Rufus Wainwright’s House Rules

 

RUFUS WAINWRIGHT. PHOTO COURTESY OF MATTHIAS CLAMER

“Thank God we didn’t do the masks,” Rufus Wainwright said backstage in London on Saturday night. “That would have been so wrong.”

Hardly. For an artist who flits so effortlessly from pop to jazz to folk to opera that multitalented scarcely seems a strong enough word—ambidextrous, maybe?—anything seems to go, and everything seems to work. During his five shows as resident artist in the city’s legendary Royal Opera House, Wainwright was on a mission to conquer it all. The first solo artist to be given free range for a five-night residency at the red-velvet-trimmed venue, the singer created four distinct sets. They included two reprisals of his 2006 tribute to Judy Garland’s famed 1962 concert at Carnegie Hall; nights with sister, Martha Wainwright, and father, Loudon Wainwright III; and, finally, a concert version of his opera Prima Donna and a variety show of Wainwright’s songs.  “[This] will certainly go down as some kind of Olympian triumph, at least to my fans,” he said. “I feel a bit like an exhausted octopus. It was an incredible experience.”

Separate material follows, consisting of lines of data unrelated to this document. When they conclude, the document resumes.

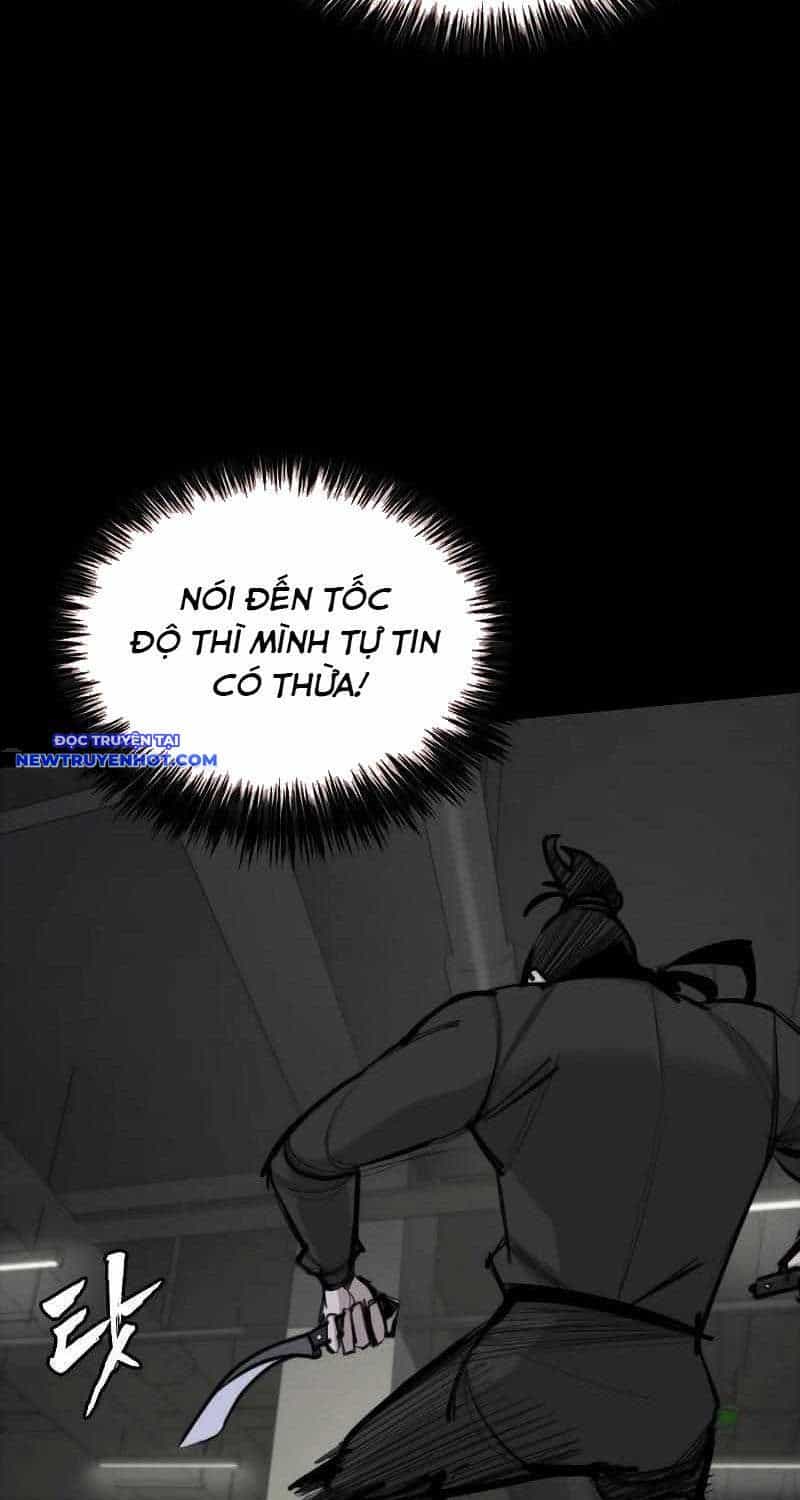 Ventablack - Chương 5 - ảnh 79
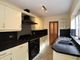 Thumbnail End terrace house for sale in Steep Hill, Lincoln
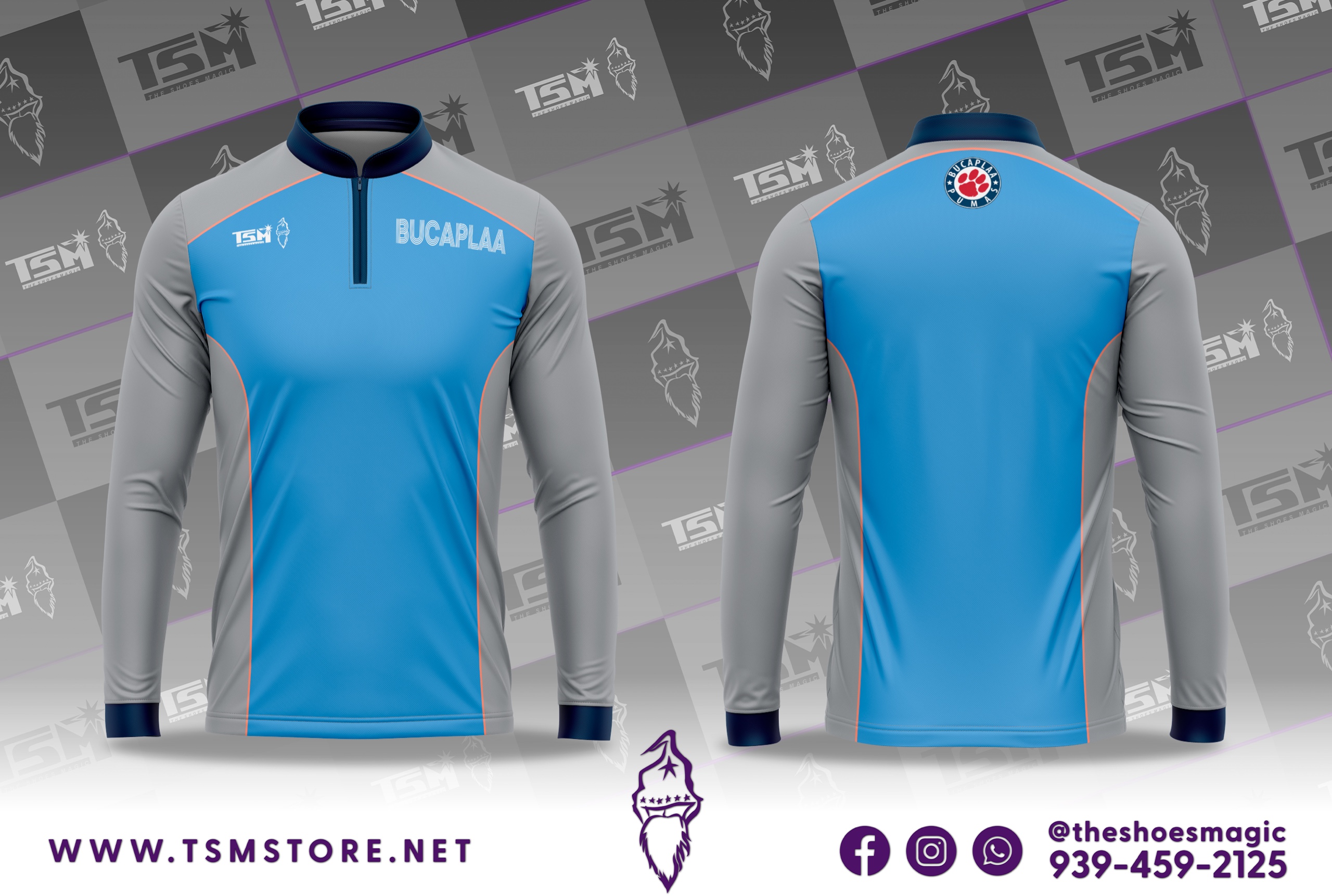 cuello_chino_manga_larga_puerto_rico_personalizado05-13 at 15.47.14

The lineup for Saturday’s finale show? Refreshed numbers from way back in the artist’s collection, like the private-school ode “Milbrook,” alongside selected Berlioz compositions (yes, that Berlioz) and an Irish folk song performed alongside Prima Donna star Janis Kelly. The night closed out with a particularly poignant debut of “Candles,” a song Wainwright had written about his recently passed mother Kate McGarrigle, but dedicated this weekend to Amy Winehouse, who shook the city as well as the artist with her passing just a few hours before Wainwright’s show. “It’s a terrible sad thing of Amy dying today,” Wainwright said. “I think it added a certain tinge to the last evening, which was appropriate.”

“I’ve always gravitated towards opera, and the Royal Opera House is quite possibly the greatest opera house on earth. And now we know it is! I’ve christened it so with my residency,” Wainwright joked. “So come on Met, come on La Scala!” We dare say they’re next.